Visto así, la muerte es una mano que detiene con suavidad a otra mano
que escribe, y esto es razonable. Más razonable aún cuando el autor, como fue
el caso de Fuentes, logra organizar su obra y darle un rumbo en medio de la
nada, para que perdure en un sentido y orden específico y no a la deriva, como
le sucede a tantos libros. Esto de la nada, en literatura, es también extraño.
Cuando escribo me asalta la idea de que las novelas, todas, ya están acabadas
en alguna parte, y que uno lo que hace es “traerlas” a la realidad del lenguaje
y la imaginación.

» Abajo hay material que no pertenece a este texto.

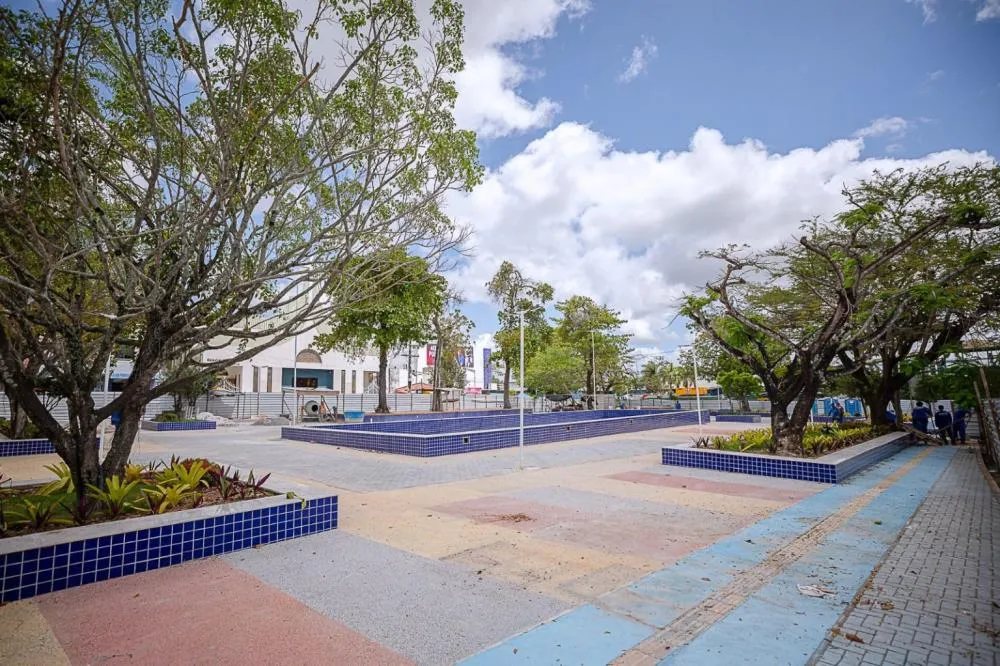 Mulher é esfaqueada no meio da praça Monte Negro em Camaçari 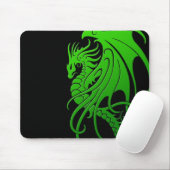 Fliegender Stammes- Drache - Grün auf Schwarzem Mousepad (Mit Mouse)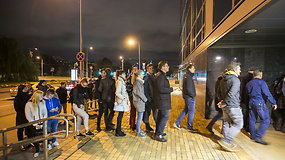 Išankstinis balsavimas Vilniuje: balsuotojų eilės nusidriekė net lauke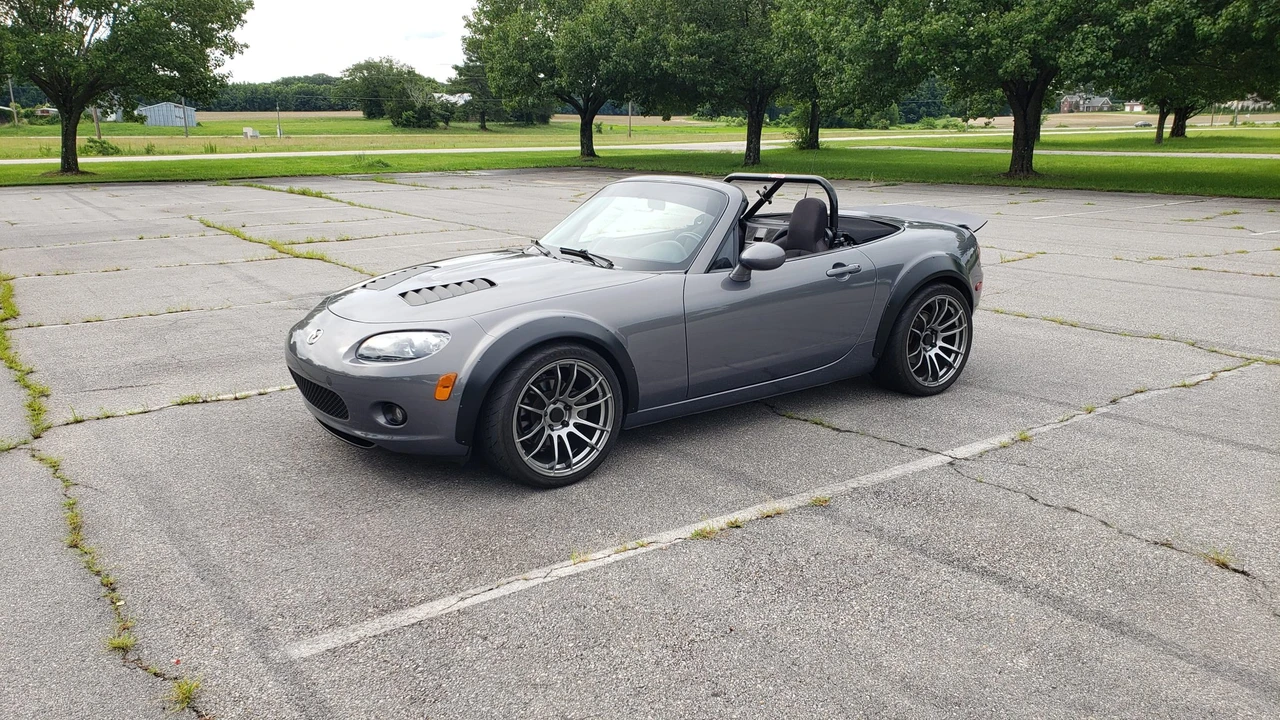 2006 Mazda NC MX-5 Miata - Image 4 of 31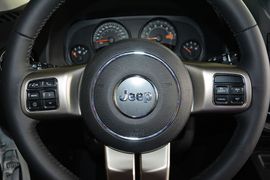 2014款Jeep自由客2.0L运动版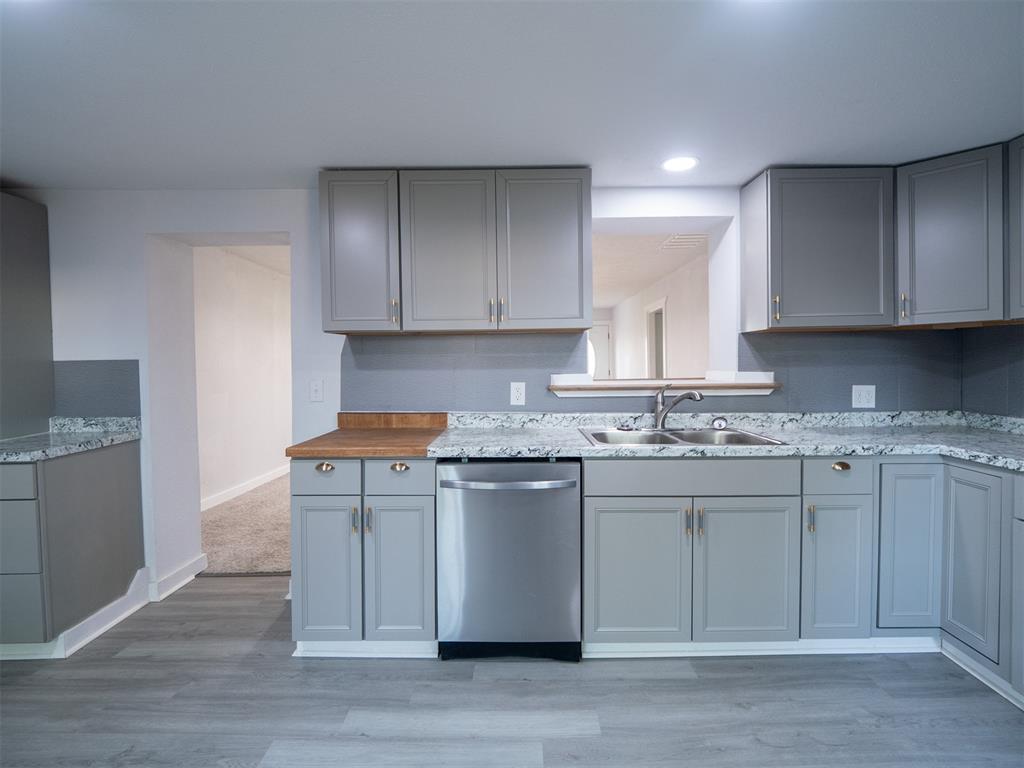 420 W Johnson Street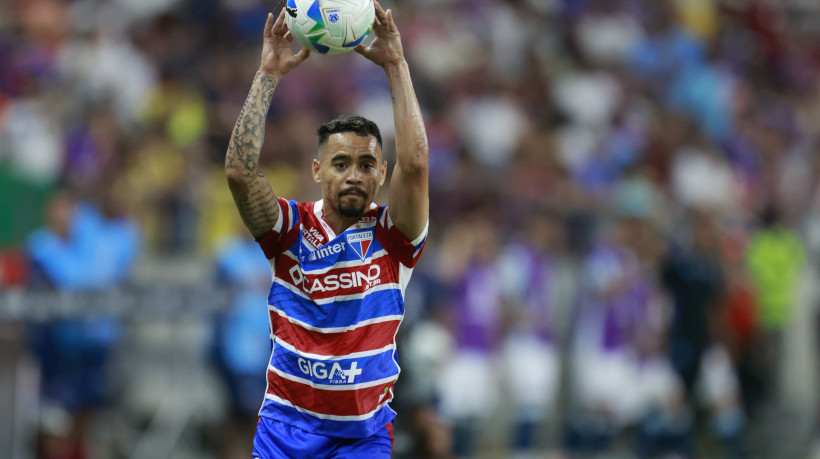 O ponta teve a última oportunidade da partida, mas a finalização passou próxima à trave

Pero entonces, ¿qué pasará con las novelas de Fuentes que no
escribió ni escribirá?, ¿se quedarán flotando en esa especie de nada o magma
esencial? Creo recordar que una vez Fuentes opinó al respecto, algo así como:
“El mundo de lo no escrito siempre será más grande, abismalmente mayor que el
de lo escrito”. Esto nos permite pensar que “La edad del tiempo” podría haber
llegado a tener 100 mil páginas si la longevidad de Fuentes le hubiera dado más
oportunidades. ¿Y por qué no un millón de páginas? Acá entraríamos, como con
Balzac, al terreno algo monstruoso del virtuosismo infinito. Pero no fue así,
pues con su proverbial elegancia, Fuentes llegó hasta un punto y luego,
pudorosamente, se retiró, para que hoy podamos recordarlo.